6.6 Where the Goods have been manufactured by the Seller and are found to be defective, the Seller shall repair, or in its sole discretion, replace the defective Goods free of charge within twelve (12) months from the date of delivery subject to Buyer’s compliance with these Terms and Conditions.
6.7 The Seller will be under no liability or further obligation in relation to the Goods if:
- the Buyer fails to provide notice as set above; and/or
- the Buyer makes any further use of such Goods after giving notice under this clause relating to damages and/or shortages; and/or
- the defect arises because the Buyer did not follow the Seller’s oral or written instructions about the storage, commissioning, installation, use and maintenance of the Goods; and/or
- the defect arises from normal wear and tear of the Goods; and/or
- the defect arises from misuse or alteration of the Goods, negligence, wilful damage or any other act by the Buyer, the Buyer’s employees or agents or any third parties.

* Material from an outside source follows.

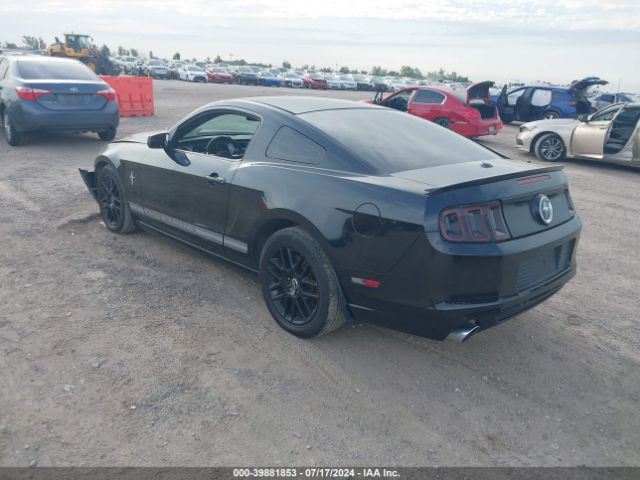 1ZVBP8AM9E5291190 Ford Mustang V6 Premium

6.8 The Buyer bears the risk and cost of returning the Goods.
6.9 Acceptance of the Goods will be deemed to have taken place upon satisfactory inspection of the Goods by the Buyer and in any event within one (1) day after delivery.
7. RISK & TITLE
7.1 The risk associated to any loss, damage or deterioration of the Goods from any cause whatsoever passes from the Seller to the Buyer on each of the following events occurring (as may be applicable):
- when the Buyer collects the Goods from the Seller;
- when the Goods are fully loaded onto the Buyer’s alternative mode of transport for delivery; or
- when the Goods are fully loaded onto the Seller’s nominated transport for delivery;
- when the Goods are in the Buyers possession.
7.2 After the risk of the Goods passes from the Seller to the Buyer in accordance with the above clause, the Buyer acknowledges that is assumes all responsibility and risk associated with the Goods.
7.3 The Seller retains all legal and equitable title in any Goods supplies to the Buyer until payment in full for or in connection with the supply of the relevant Goods has been received by the Seller.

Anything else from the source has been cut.